Industry 4.0 is proving to be much, much more than just new technology. It's creating new manufacturing industries and new manufacturing processes. This impact is accelerating and changing manufacturing on a far greater scale than all the new technology put together. This impact is already being seen in the following areas:
- Additive Manufacturing
Additive manufacturing creates products by adding materials layer by layer, typically using an extrusion process. Under the guidance of ever more sophisticated computer controls and 3D models, additive manufacturing is more precise and reliable, and it supports a far greater range of materials, to the point where additive manufacturing is now becoming a full-fledged manufacturing industry, producing a wide range of parts and products much faster and cheaper than ever thought possible. Many automobile and aerospace companies are already taking advantage of additive manufacturing.

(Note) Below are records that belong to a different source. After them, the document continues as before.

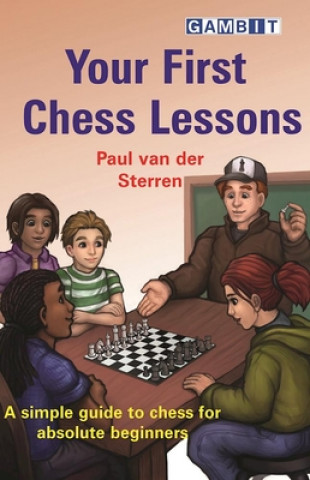 Your First Chess Lessons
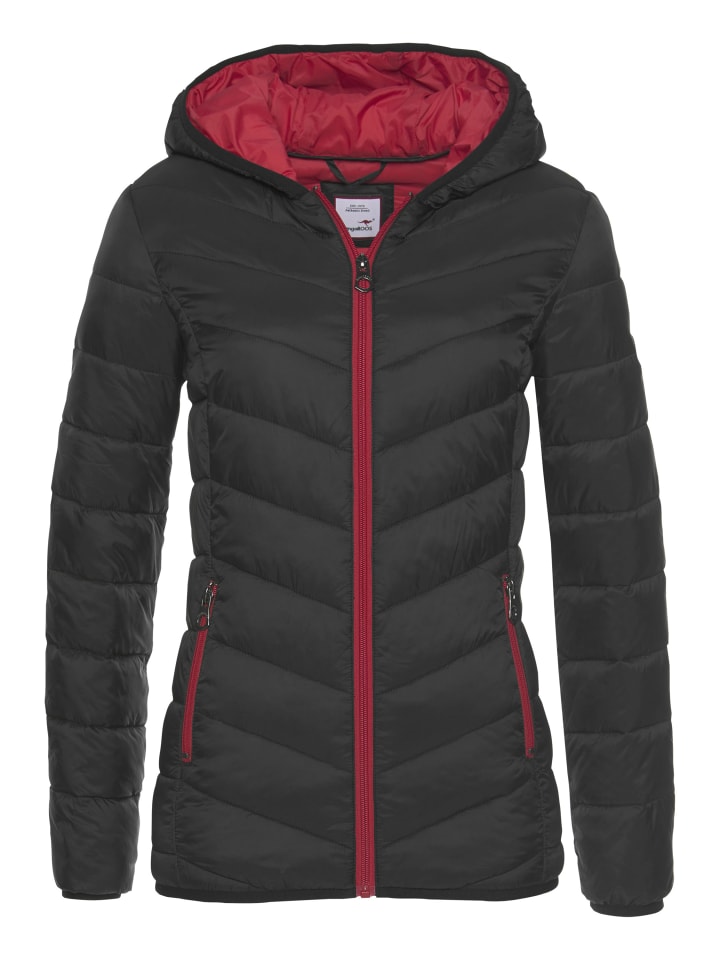 Стеганая куртка Kangaroos
Стеганая куртка Kangaroos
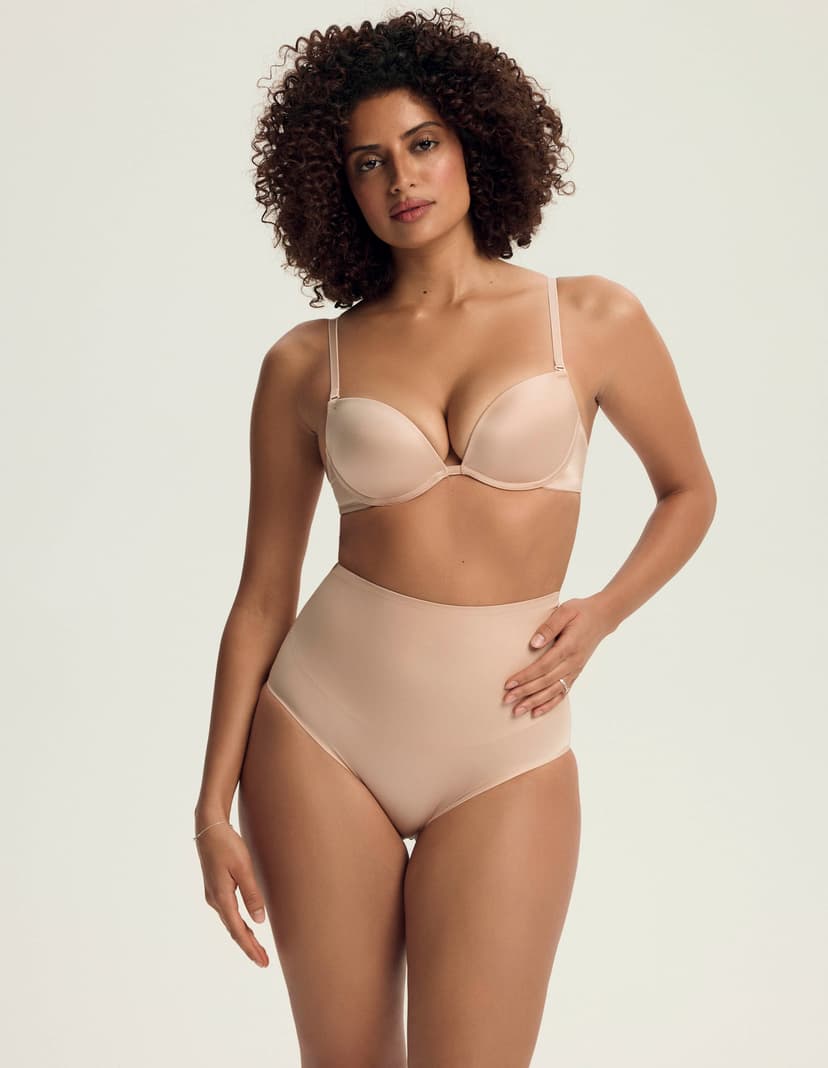 Shaping briefs Silky Beige 1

- Artificial Intelligence (AI)
While we're nowhere near getting artificial general intelligence, we do have AI applications crunching enormous amounts of data in real-time. Describing what happened and why it happened, predicting what is going to happen in the future, and prescribing what can and should be done to avoid the bad things and enhance the good things. AI is showing up everywhere in manufacturing right down to the machine level, making everything, and everyone, more intelligent. With machine learning and data analytic capabilities, AI provides manufacturing teams with greater insight to help improve manufacturing processes and operational efficiency.
- Augmented Reality (AR)/Virtual Reality (VR)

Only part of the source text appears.